3rd Vlerick Business Process Innovation Conference

24 Oct 2007

The third edition of Vlerick’s Business Process Innovation conference on 11 October turned out to be a huge success. With over 230 executives attending this conference, a large and diverse community of managers and decision makers was gathered in Affligem.

In total more than 20 presentations, spread over four parallel tracks, provided the participants the possibility to customize their conference experience and to get new insights, enlightening ideas and useful frameworks.

Each day we find ourselves confronted with a myriad of opportunities and threats for our organisation. Each of them seems to be demanding our immediate and undivided attention. This requires an integrated approach to business process innovation.

The three main tracks represented the research and knowledge centers of Vlerick’s Management & ICT competence unit. These three complementary management disciplines provided an integrated approach to the creation of real customer value.

  • Execution and improvement of your business processes through Business Process Management (BPM)
  • Selection and implementation of the necessary improvement initiatives, through Project, Programme & Portfolio Management. (3PM)
  • Knowledge discovery & management on both current performance as future improvement areas, through Business Intelligence (BI)

In addition, a solutions showcase track presented on the edge technologies in the above mentioned expertise domains.

Let’s browse through the most compelling conclusions of the day:

“IT architecture is a business issue”

The way organisations do business today is increasingly defined by IT. The potential of strategic decisions is limited by the ability change business processes. Where IT isn’t a driver for change, it often is a major roadblock. “IT integration seems to preceed your capabilities for business process innovation”, concludes DRK’s Dr McCormack.

European organisations tend to be either in a very advanced maturity stage regarding Business Process Innovation, or really far behind. That’s one of the conclusions by Prof. Dr. David Robertson, following a survey of 150 companies in 7 the US and Europe. Asking them about the impact of IS/IT architecture on their business strategy execution, IMD’s Prof. Robertson concludes IS/IT are too often a roadblock. “When the IS/IT architecture prevents you from doing what you want to do, that’s a business issue”, he states.

Both organically grown or acquired through M&A the IT architecture often lacks standardisation and integration. Comparing with construction works it would be considered highly unwise to start without a precise building plan, or to make lots of improvised changes along the way. “Yet that’s how we build our data stores”, Prof. Robertson comments. “Building new capabilities the right way, or the wrong way, will come at the same price”, he warns. Only through structured cooperation we can prevent IT from having to eternally chase the corporate strategy. When you do it the right way, IT often comes with ‘happy surprises’.
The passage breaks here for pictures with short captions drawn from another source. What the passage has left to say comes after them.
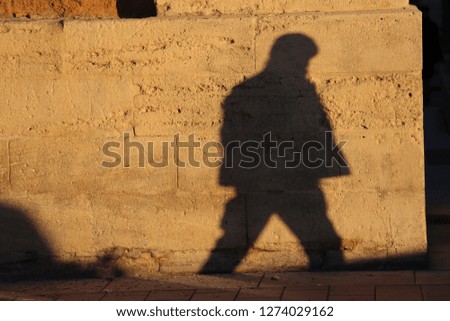 Front view of the silhouette of a lonely man walking in a street. Figure of a male pedestrian projected on a brown stone wall. Shadow of a person drawn on a rough textured surface in a french city.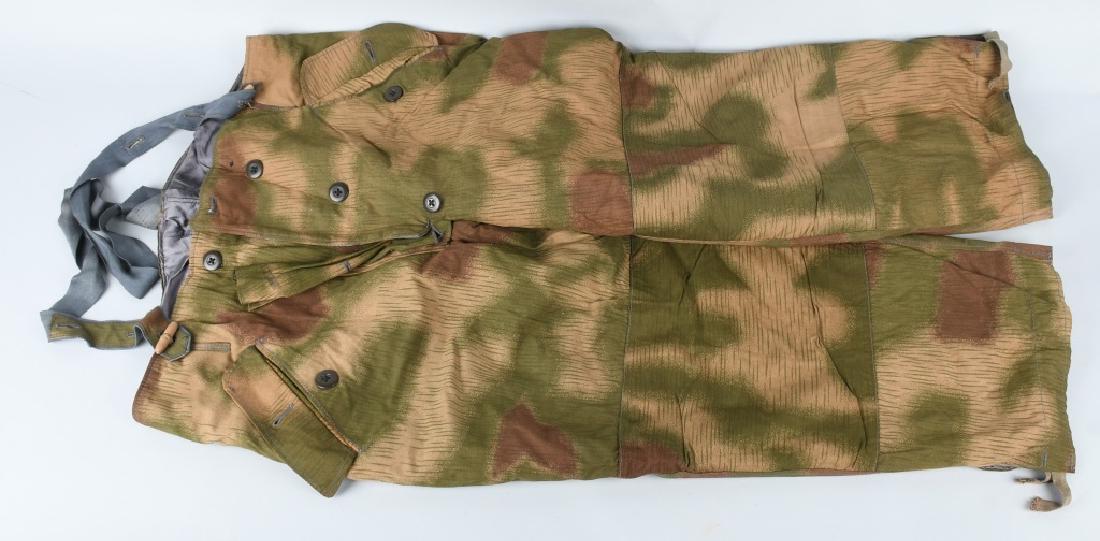 WWII NAZI GERMAN SWAMP MARSH CAMO TROUSERS & SUSP.: WWII Nazi German swamp marsh tan water pattern camouflage winter trousers with suspenders. Water repellant, cotton/rayon bleousernd construction, trousers with the machine roller printed, softly blurr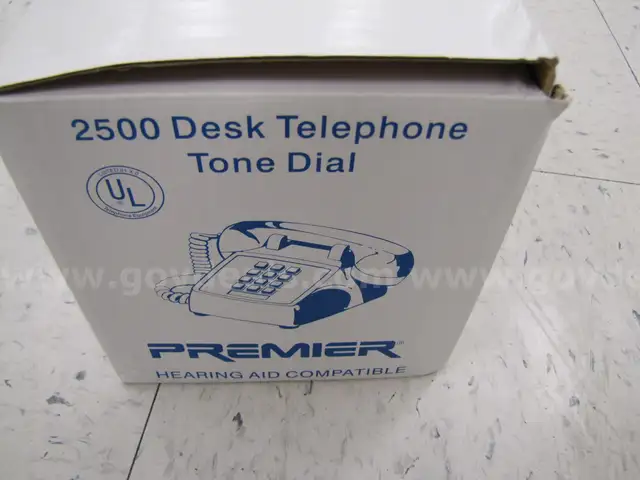 Box of landline desk phones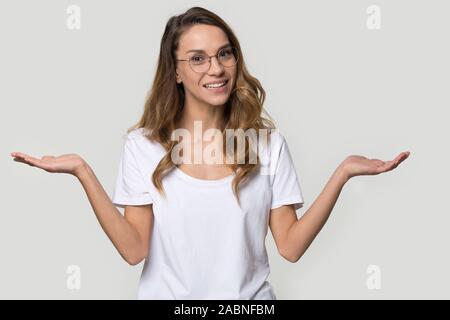 Confondre jeune femme portant des lunettes en haussant les épaules Banque D'Images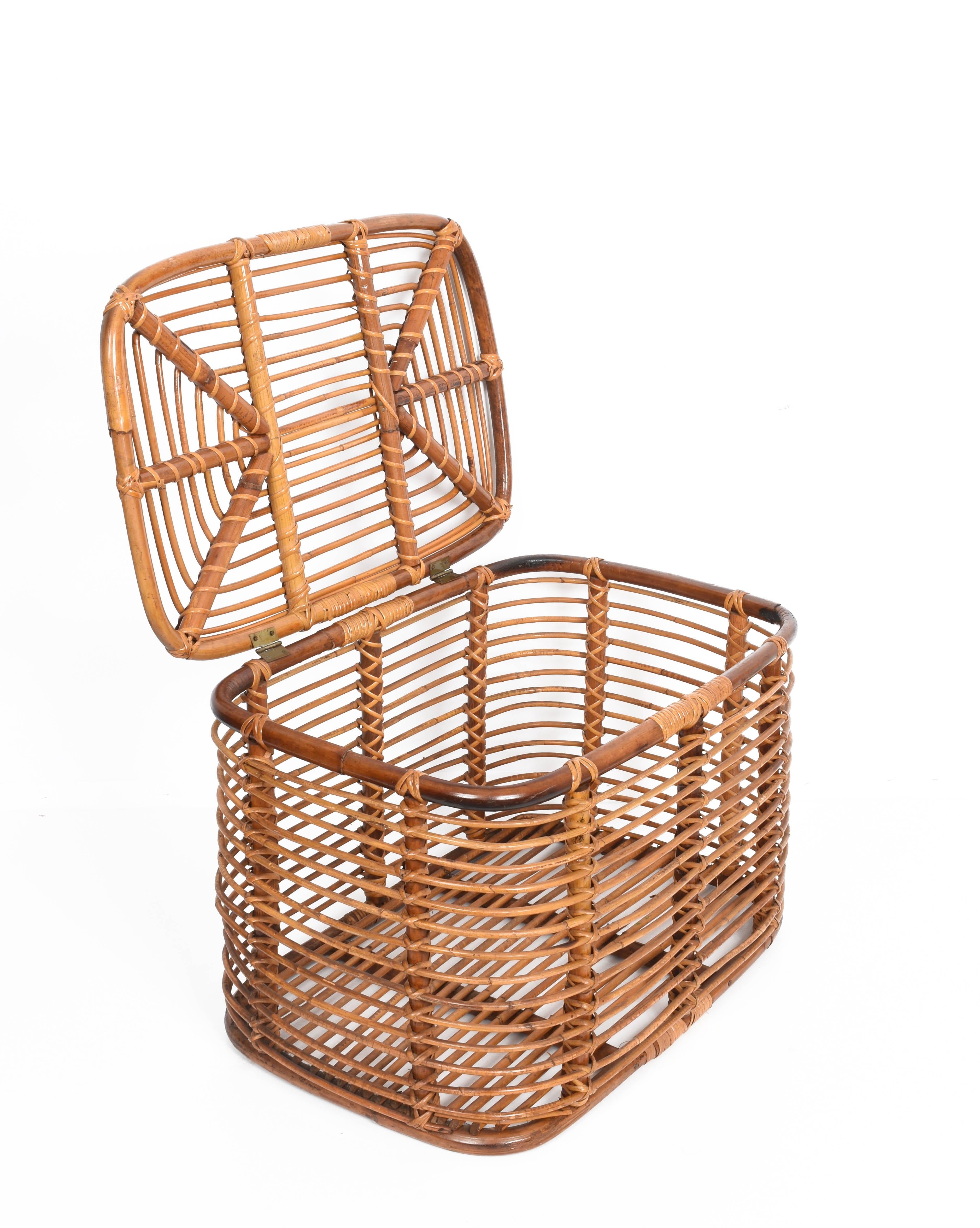 Beautiful midcentury rectangular bamboo and rattan container basket. This item is attributed was produced in Italy during 1960s.

This amazing piece has a round bamboo structure with rattan finishes. The top of this basket is connected to the main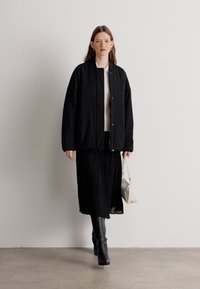 Zwarte oversized bomberjack met een gladde textuur, gedragen over een witte top. Gecombineerd met een zwarte geplooide rok en zwarte kniehoge laarzen.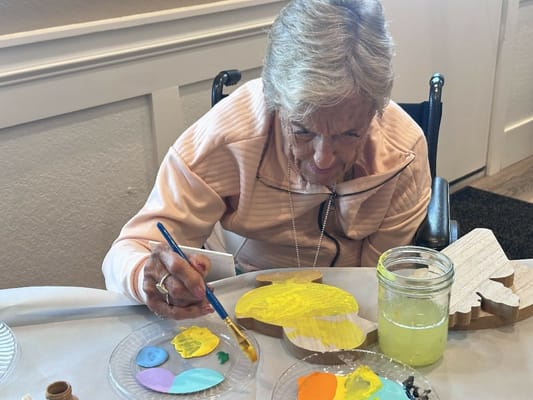 Resident painting a wooden craft in an activity room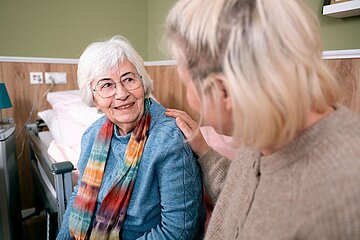 Eine Seniorin sitzt auf der Bettkante ihres station&auml;ren Bettes. Vor ihr, im unscharfen Vordergrund, sitzt eine j&uuml;ngere Frau und hat die Hand auf der Schulter der Seniorin.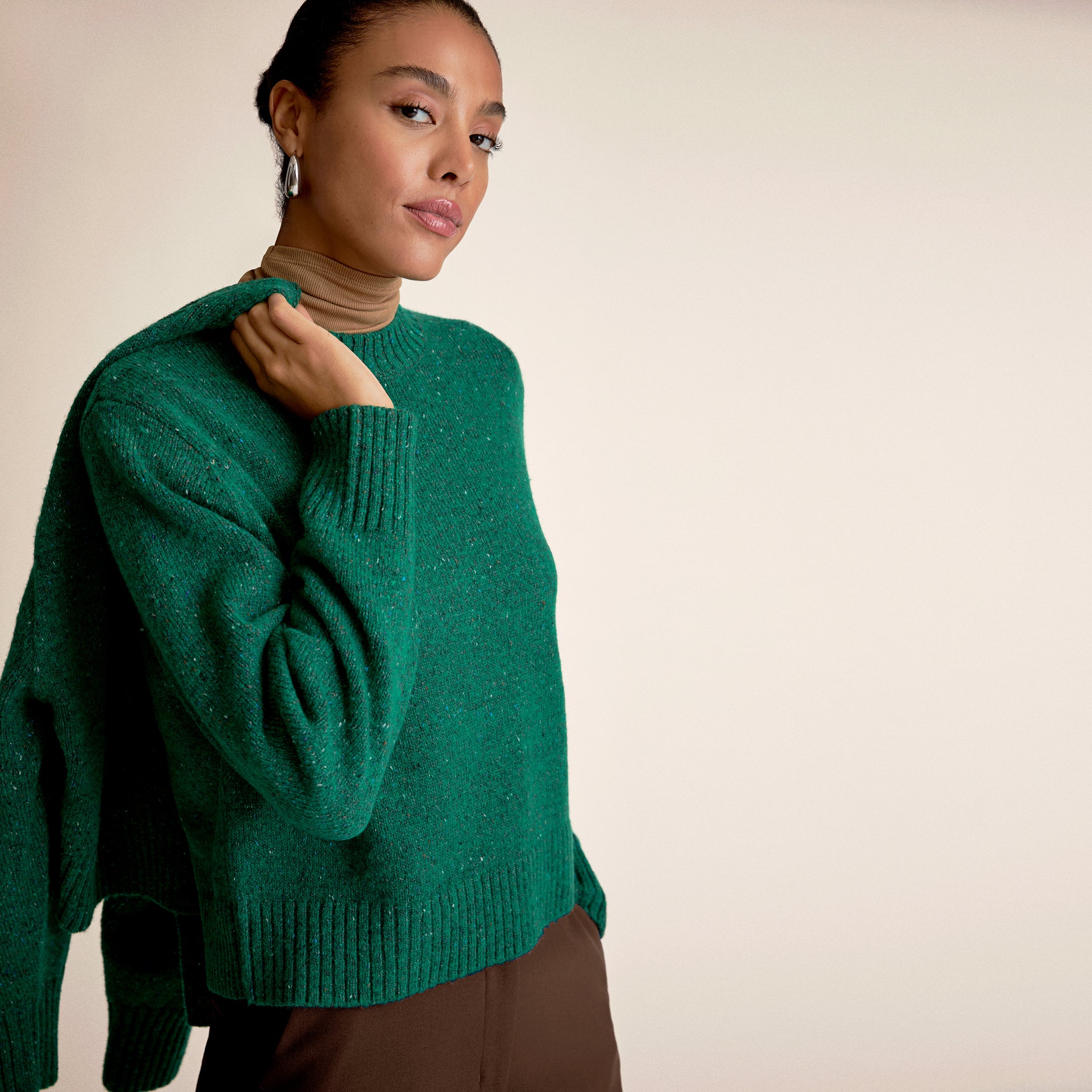 Woman wearing a green sweater with brown pants 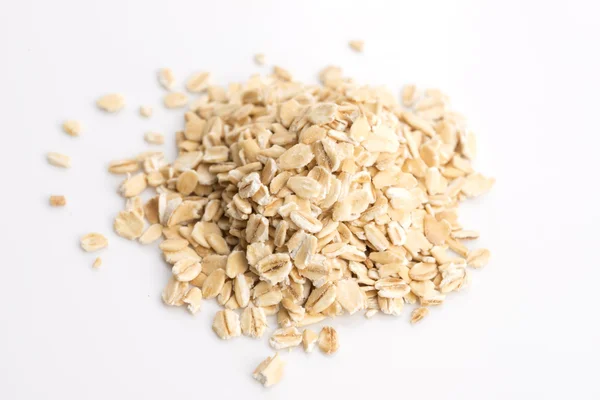 Oat flakes pile on white background — Stock Photo, Image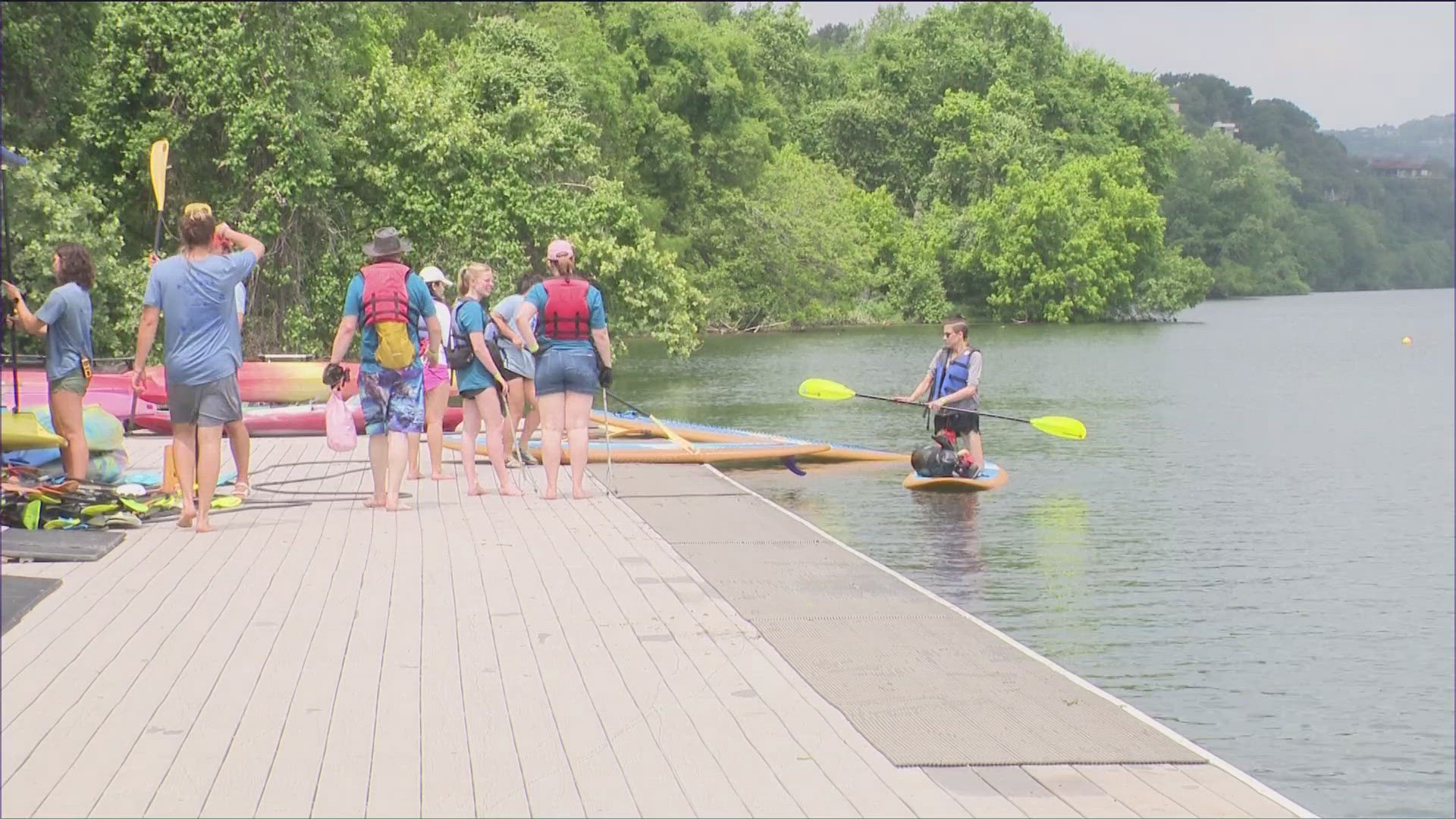 Hundreds of volunteers were out on Lady Bird Lake, cleaning up the water and the surrounding trail.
From vertical to horizontal organisations

David Robertson proposes measuring IT agility through a 4-stage maturity model – from IT silos, standardised technology and an optimised IT core, to a truly modular business architecture. “European companies tend to be either to the left or the right side of the spectrum”, finds Dr. Robertson.

He warns that in this evolutionary model you cannot just skip a stage, due to IT issues and management learnings. After surveying 150 companies Robertson found only one CEO taking his company through more than one transformation stage. Organisations have to gradually grow through the stages, to an increasingly ‘happy’ collaboration between IT and the business process owners.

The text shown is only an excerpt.